* **Provided information**:
:::::
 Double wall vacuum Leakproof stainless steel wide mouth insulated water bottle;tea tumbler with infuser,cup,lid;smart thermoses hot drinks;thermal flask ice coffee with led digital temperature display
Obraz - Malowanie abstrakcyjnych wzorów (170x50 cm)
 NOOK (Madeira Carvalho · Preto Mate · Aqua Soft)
:::::
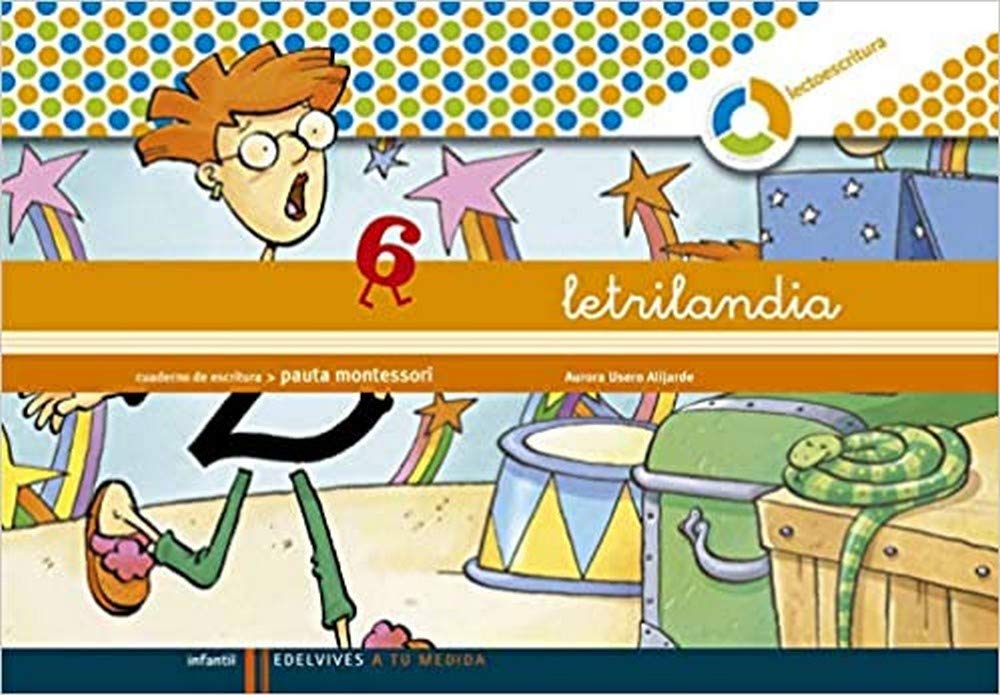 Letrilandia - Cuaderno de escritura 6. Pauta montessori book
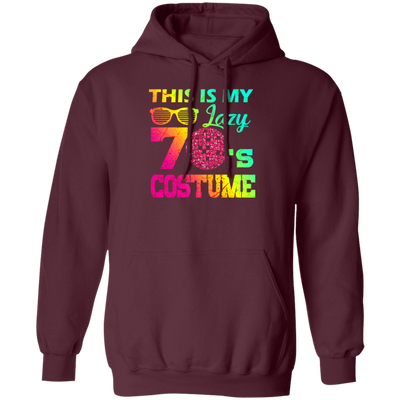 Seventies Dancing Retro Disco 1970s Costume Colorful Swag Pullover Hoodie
:::::
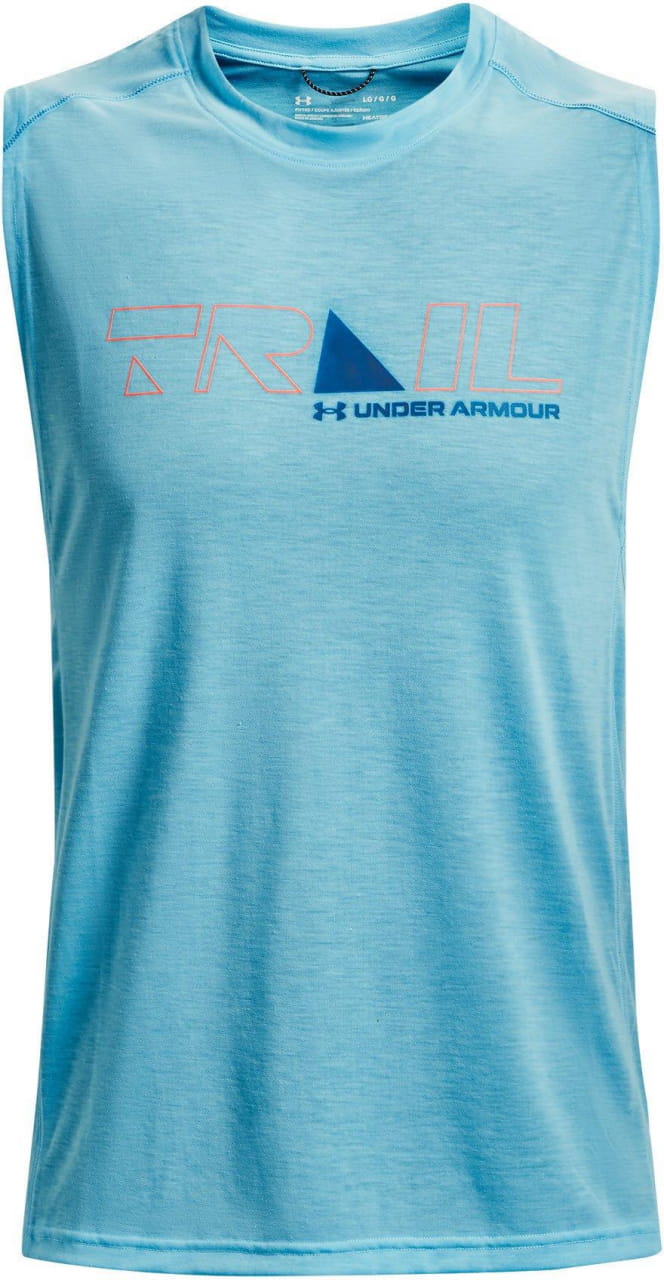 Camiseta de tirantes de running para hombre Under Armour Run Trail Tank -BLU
:::::
* **What you have to do**: Begin at the line above that has "Obraz - Malowanie" and stop after the line that has "NOOK (Madeira Carvalho", copying each line exactly and adding nothing else.

* **Response**:
Obraz - Malowanie abstrakcyjnych wzorów (170x50 cm)
 NOOK (Madeira Carvalho · Preto Mate · Aqua Soft)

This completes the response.